Dataset section —
§

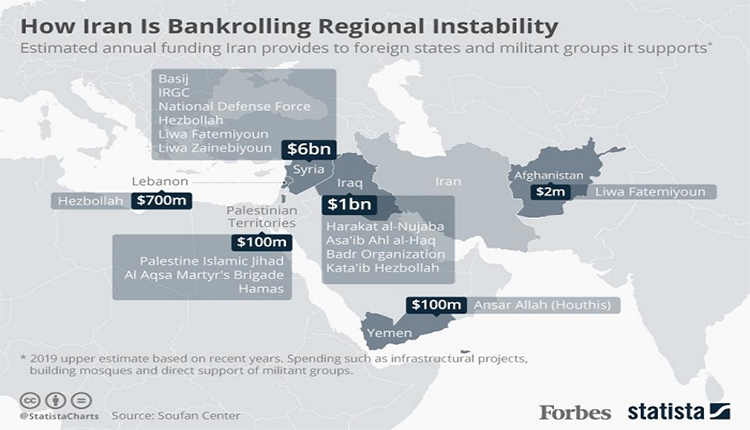 خريطة تمويلات إيران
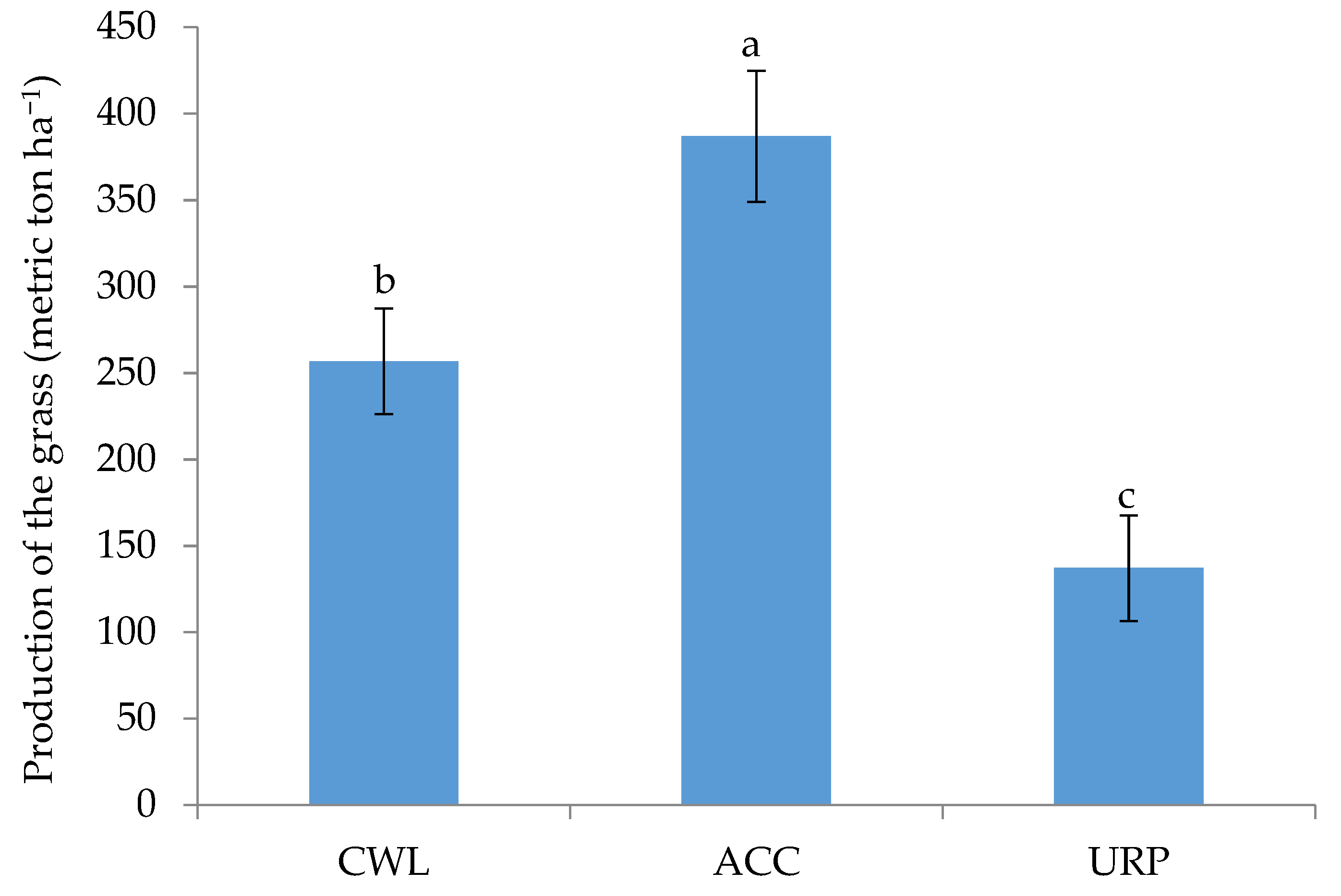 Sustainability 13 06559 g003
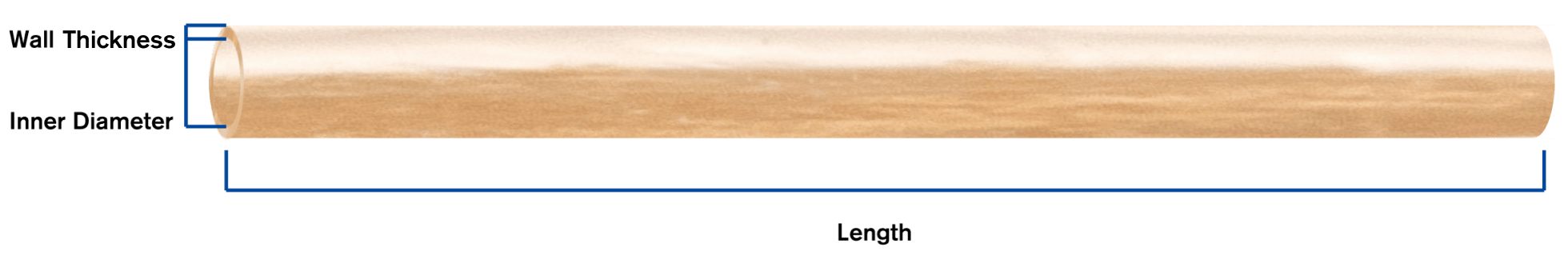 Check inner diameter and wall thickness of desired liner tube.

§

What is expected — Could you copy the lines above exactly and skip the images?

Answer section —
 خريطة تمويلات إيران
 Sustainability 13 06559 g003
 Check inner diameter and wall thickness of desired liner tube.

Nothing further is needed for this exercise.